### WORK TASK
The records below are to be returned word for word, with pictures left out.

[[ DATASET EXTRACT open ]]

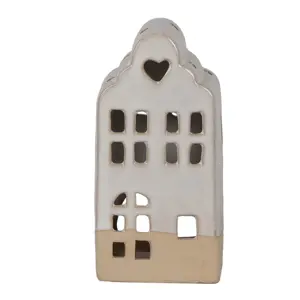 Produkt Béžový keramický domek svícen na čajovou svíčku House S - 7*6*14 cm Clayre & Eef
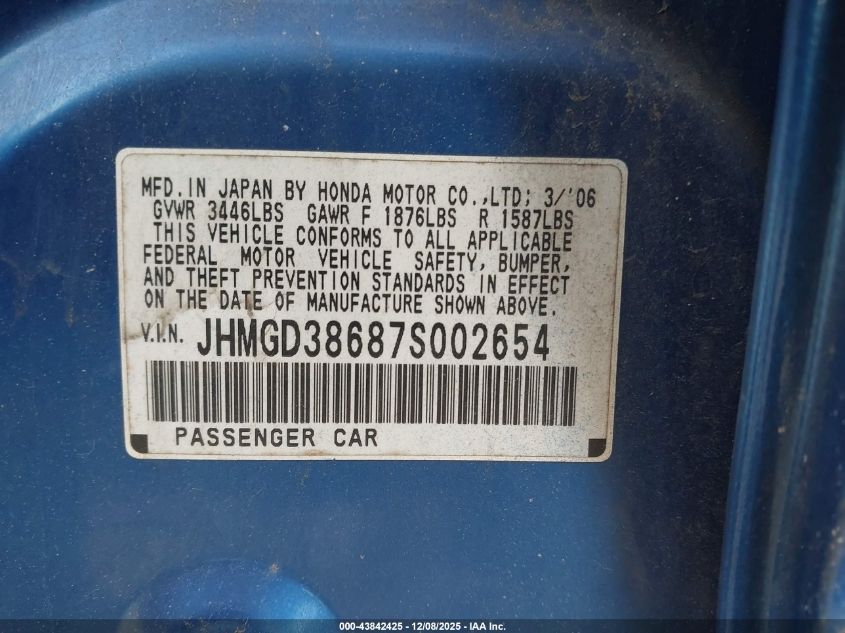 2007 Honda Fit Sport VIN: JHMGD38687S002654 Lot: 43842425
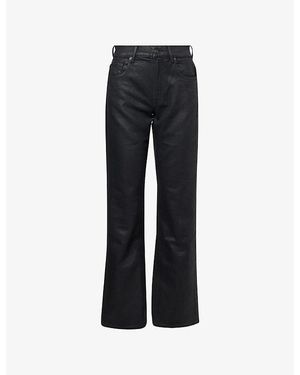 7 For All Mankind Tess Wide-Leg Coated-Denim Trousers - Black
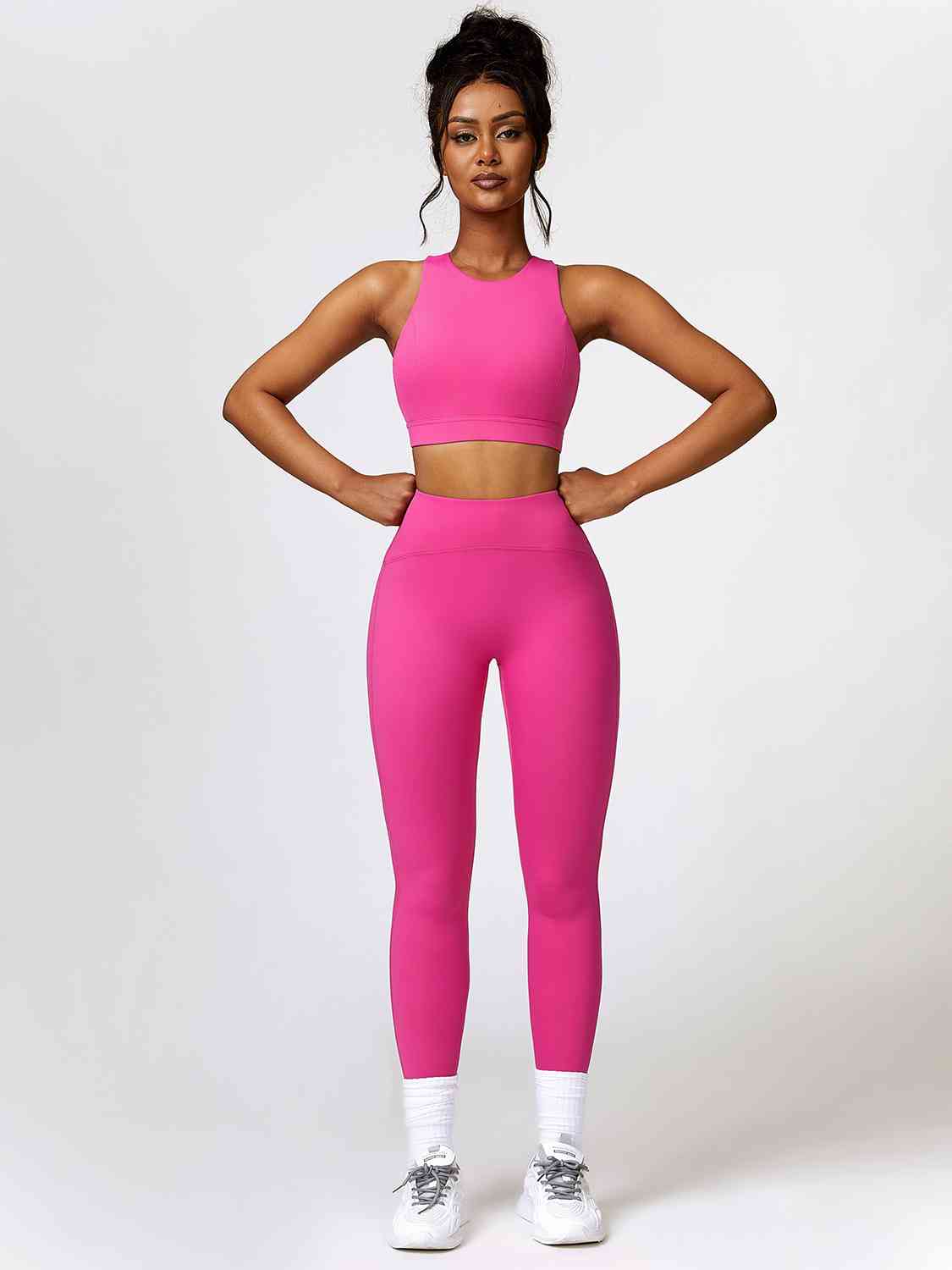 Cutout Cropped Sport Tank and Leggings Set - 2 PCS. - T - 5 COLOR -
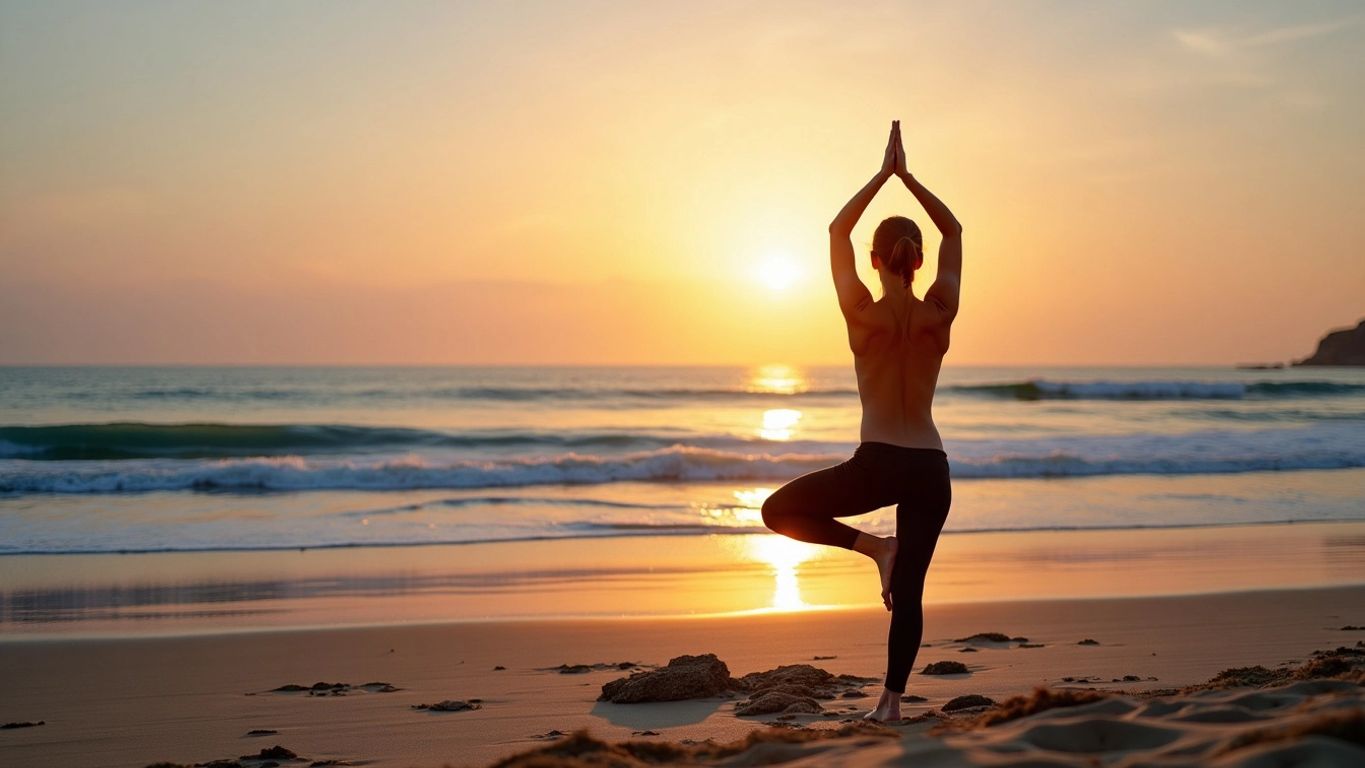 Person doing yoga on a beach at sunrise.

[[ DATASET EXTRACT closed ]]

### OUTPUT OF THE TASK
 Produkt Béžový keramický domek svícen na čajovou svíčku House S - 7*6*14 cm Clayre & Eef
 2007 Honda Fit Sport VIN: JHMGD38687S002654 Lot: 43842425
 7 For All Mankind Tess Wide-Leg Coated-Denim Trousers - Black
 Cutout Cropped Sport Tank and Leggings Set - 2 PCS. - T - 5 COLOR -
 Person doing yoga on a beach at sunrise.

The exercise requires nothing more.